## TASK DIRECTIONS
With the pictures removed, write out the data below exactly.

## SOURCE DATA
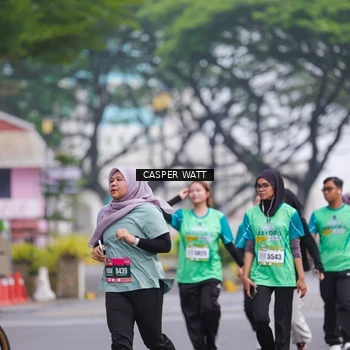 Runner Photo 8555908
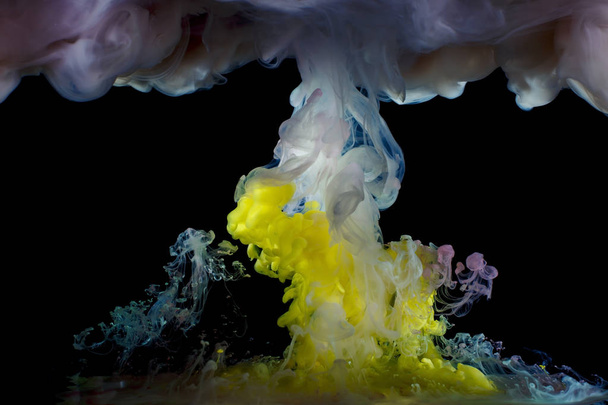 Liquid paint glow in the water - Φωτογραφία, εικόνα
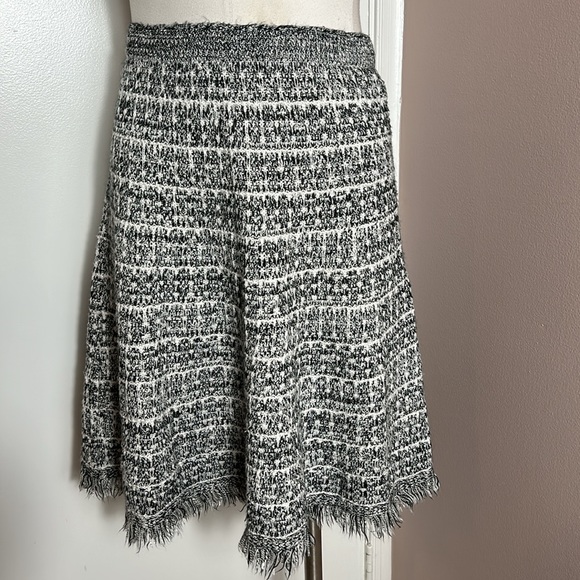 Sioni A- Line Skirt Knit Fringe Hem Black and White Stretchy size small - Picture 3 of 8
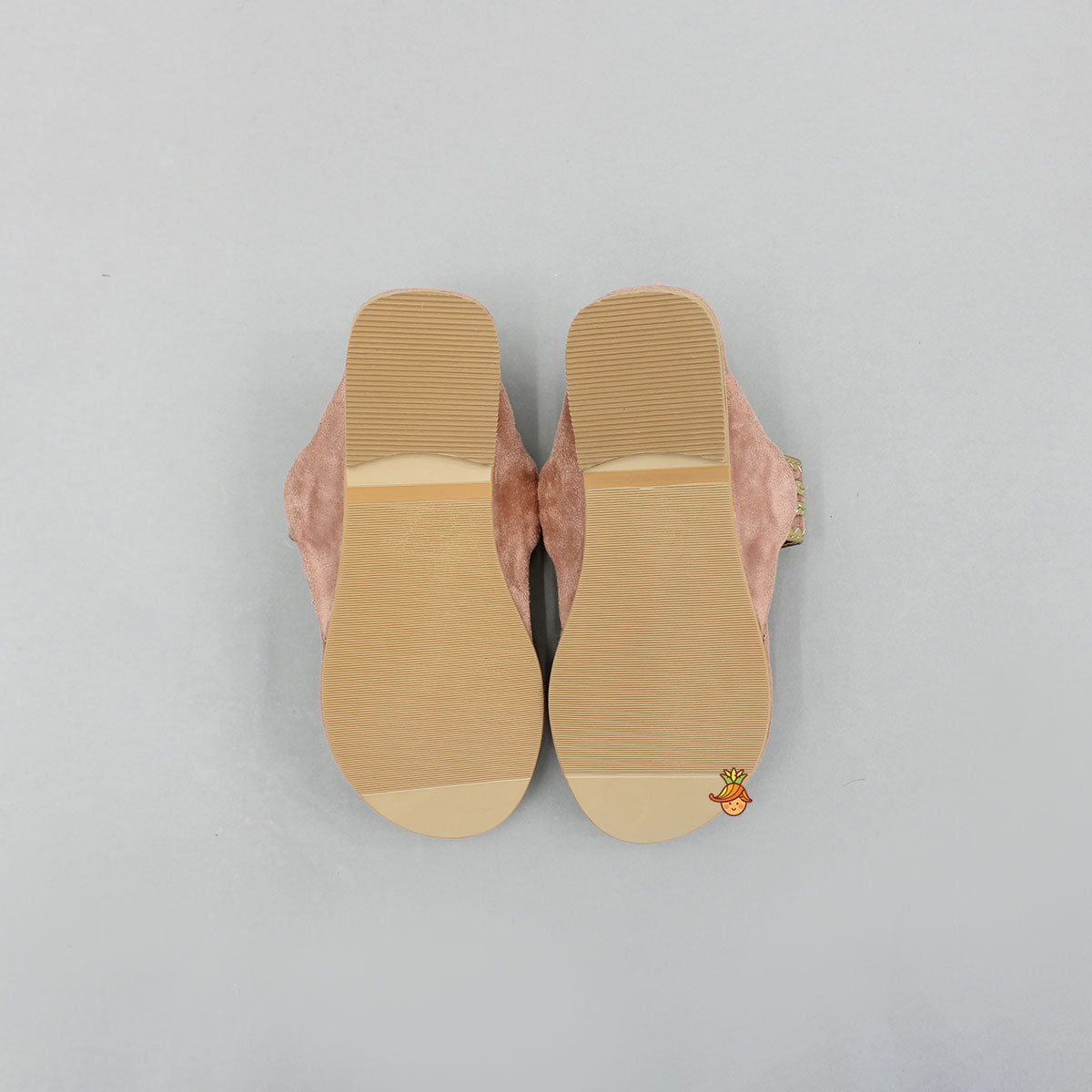 Peach Floral Detailed Embellished Kolhapuri Flats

## RESULT FOR THIS TASK
 Runner Photo 8555908
 Liquid paint glow in the water - Φωτογραφία, εικόνα
 Sioni A- Line Skirt Knit Fringe Hem Black and White Stretchy size small - Picture 3 of 8
 Peach Floral Detailed Embellished Kolhapuri Flats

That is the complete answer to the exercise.